▶ [THE PROBLEM]: The listing that follows must be retyped exactly, without its pictures.

▶ [DATA BLOCK]:
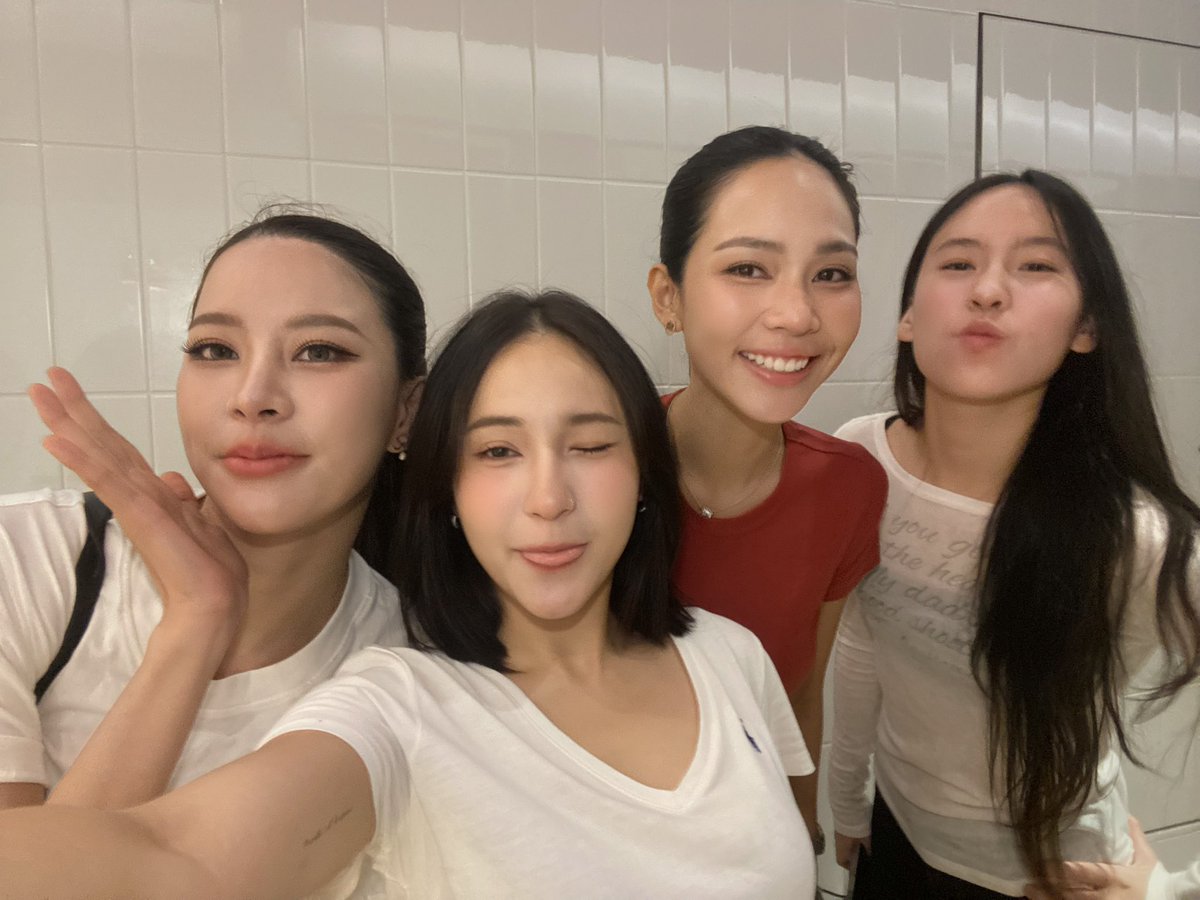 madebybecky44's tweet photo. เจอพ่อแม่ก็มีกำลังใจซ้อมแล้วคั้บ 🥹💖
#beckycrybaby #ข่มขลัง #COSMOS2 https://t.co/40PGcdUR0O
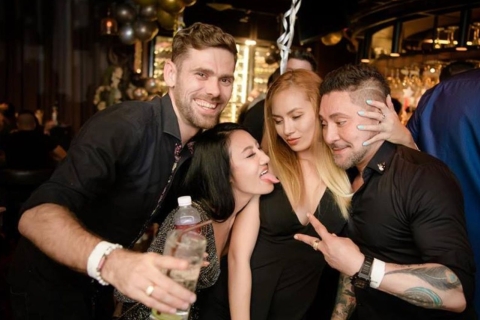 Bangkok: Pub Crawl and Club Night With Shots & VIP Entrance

▶ [RESPONSE]:
 madebybecky44's tweet photo. เจอพ่อแม่ก็มีกำลังใจซ้อมแล้วคั้บ 🥹💖
#beckycrybaby #ข่มขลัง #COSMOS2 https://t.co/40PGcdUR0O
 Bangkok: Pub Crawl and Club Night With Shots & VIP Entrance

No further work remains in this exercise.